Solutions

1. Brute Force

class Solution:
    def longestSubarray(self, nums: List[int], limit: int) -> int:
        n = len(nums)
        res = 1

        for i in range(n):
            mini = maxi = nums[i]
            for j in range(i + 1, n):
                mini = min(mini, nums[j])
                maxi = max(maxi, nums[j])
                if maxi - mini > limit:
                    break
                res = max(res, j - i + 1)

        return res

Time & Space Complexity

Time complexity: $O(n ^ 2)$
Space complexity: $O(1)$

2. Heap

class Solution:
    def longestSubarray(self, nums: List[int], limit: int) -> int:
        maxHeap = []
        minHeap = []
        j = 0
        res = 0

        for i, v in enumerate(nums):
            heapq.heappush(maxHeap, (-v, i))
            heapq.heappush(minHeap, (v, i))

            while -maxHeap[0][0] - minHeap[0][0] > limit:
                j += 1
                while maxHeap and maxHeap[0][1] < j:
                    heapq.heappop(maxHeap)
                while minHeap and minHeap[0][1] < j:
                    heapq.heappop(minHeap)

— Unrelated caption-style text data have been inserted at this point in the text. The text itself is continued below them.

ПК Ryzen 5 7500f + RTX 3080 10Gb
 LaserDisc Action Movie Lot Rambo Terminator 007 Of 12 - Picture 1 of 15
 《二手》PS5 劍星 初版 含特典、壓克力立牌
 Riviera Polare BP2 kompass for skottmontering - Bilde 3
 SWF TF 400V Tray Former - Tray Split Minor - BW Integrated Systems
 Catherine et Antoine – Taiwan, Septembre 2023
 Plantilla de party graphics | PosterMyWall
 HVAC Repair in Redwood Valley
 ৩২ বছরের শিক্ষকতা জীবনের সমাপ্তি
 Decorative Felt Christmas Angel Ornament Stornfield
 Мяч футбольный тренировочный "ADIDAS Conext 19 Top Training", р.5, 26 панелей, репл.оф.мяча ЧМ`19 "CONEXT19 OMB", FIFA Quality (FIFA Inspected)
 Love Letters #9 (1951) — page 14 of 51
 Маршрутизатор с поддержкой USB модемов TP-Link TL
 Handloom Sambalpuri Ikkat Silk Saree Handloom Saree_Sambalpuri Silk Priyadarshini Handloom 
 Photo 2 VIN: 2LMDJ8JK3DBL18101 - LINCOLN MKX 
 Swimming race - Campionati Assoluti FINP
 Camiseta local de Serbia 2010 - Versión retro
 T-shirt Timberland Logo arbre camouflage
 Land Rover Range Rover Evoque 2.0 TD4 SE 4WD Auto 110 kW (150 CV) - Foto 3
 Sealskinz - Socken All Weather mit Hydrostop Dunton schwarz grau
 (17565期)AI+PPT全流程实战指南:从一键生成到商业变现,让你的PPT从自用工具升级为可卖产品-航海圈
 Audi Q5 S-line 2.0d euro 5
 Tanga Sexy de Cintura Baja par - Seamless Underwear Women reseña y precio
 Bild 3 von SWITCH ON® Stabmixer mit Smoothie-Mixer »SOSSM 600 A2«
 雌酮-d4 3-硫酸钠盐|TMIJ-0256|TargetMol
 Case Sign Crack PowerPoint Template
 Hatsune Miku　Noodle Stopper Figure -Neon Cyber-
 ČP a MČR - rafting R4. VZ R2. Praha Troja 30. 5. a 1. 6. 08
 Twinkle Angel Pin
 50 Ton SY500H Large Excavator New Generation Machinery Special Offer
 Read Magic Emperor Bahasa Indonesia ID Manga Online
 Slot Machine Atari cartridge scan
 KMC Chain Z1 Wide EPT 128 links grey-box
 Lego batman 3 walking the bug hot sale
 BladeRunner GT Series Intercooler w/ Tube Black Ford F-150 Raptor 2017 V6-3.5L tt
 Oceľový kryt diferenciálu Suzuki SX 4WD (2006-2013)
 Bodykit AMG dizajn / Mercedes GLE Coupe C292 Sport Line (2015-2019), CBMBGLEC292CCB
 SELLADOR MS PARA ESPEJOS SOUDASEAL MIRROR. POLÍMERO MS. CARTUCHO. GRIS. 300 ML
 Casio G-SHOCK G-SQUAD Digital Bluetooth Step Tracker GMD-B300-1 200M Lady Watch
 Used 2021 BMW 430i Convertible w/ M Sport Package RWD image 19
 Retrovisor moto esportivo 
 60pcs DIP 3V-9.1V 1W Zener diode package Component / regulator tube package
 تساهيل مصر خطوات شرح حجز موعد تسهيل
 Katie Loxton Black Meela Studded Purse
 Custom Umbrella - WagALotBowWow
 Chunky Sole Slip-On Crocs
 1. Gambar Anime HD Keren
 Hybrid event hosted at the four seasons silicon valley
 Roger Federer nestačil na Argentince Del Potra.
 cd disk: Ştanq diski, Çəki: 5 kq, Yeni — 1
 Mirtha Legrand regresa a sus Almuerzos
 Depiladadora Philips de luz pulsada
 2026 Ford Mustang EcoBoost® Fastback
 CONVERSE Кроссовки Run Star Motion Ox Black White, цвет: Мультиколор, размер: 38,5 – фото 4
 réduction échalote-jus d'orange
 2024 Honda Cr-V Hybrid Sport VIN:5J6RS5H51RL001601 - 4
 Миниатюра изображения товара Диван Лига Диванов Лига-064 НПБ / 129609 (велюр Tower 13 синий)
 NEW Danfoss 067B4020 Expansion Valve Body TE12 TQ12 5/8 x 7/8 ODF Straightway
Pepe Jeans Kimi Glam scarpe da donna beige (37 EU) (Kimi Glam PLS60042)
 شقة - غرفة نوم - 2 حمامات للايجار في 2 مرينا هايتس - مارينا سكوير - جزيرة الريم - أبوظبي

            res = max(res, i - j + 1)

        return res

Time & Space Complexity

Time complexity: $O(n \log n)$
Space complexity: $O(n)$

3. Sorted Dict

class Solution:
    def longestSubarray(self, nums: List[int], limit: int) -> int:
        tree = SortedDict()
        l = res = 0
        for r, x in enumerate(nums):
            tree[x] = tree.get(x, 0) + 1
            while tree.peekitem(-1)[0] - tree.peekitem(0)[0] > limit:
                y = nums[l]
                tree[y] -= 1
                if tree[y] == 0:
                    del tree[y]
                l += 1
            res = max(res, r - l + 1)
        return res

Time & Space Complexity

Time complexity: $O(n \log n)$
Space complexity: $O(n)$

4. Deque - I

class Solution:
    def longestSubarray(self, nums: List[int], limit: int) -> int:
        min_q = deque()  # mono increasing
        max_q = deque()  # mono decreasing
        l = res = 0

        for r in range(len(nums)):
            while min_q and nums[r] < min_q[-1]:
                min_q.pop()
            while max_q and nums[r] > max_q[-1]:
                max_q.pop()

            min_q.append(nums[r])
            max_q.append(nums[r])

            while max_q[0] - min_q[0] > limit:
                if nums[l] == max_q[0]:
                    max_q.popleft()
                if nums[l] == min_q[0]:
                    min_q.popleft()
                l += 1
            res = max(res, r - l + 1)
        return res

Time & Space Complexity

Time complexity: $O(n)$
Space complexity: $O(n)$

5. Deque - II

class Solution:
    def longestSubarray(self, nums: List[int], limit: int) -> int:
        inc = deque([nums[0]])
        dec = deque([nums[0]])
        res = 1
        j = 0

        for i in range(1, len(nums)):
            while inc and inc[-1] > nums[i]:
                inc.pop()
            while dec and dec[-1] < nums[i]:
                dec.pop()

            inc.append(nums[i])
            dec.append(nums[i])
            if dec[0] - inc[0] > limit:
                if dec[0] == nums[j]:
                    dec.popleft()
                if inc[0] == nums[j]:
                    inc.popleft()
                j += 1

        return len(nums) - j

Time & Space Complexity

Time complexity: $O(n)$
Space complexity: $O(n)$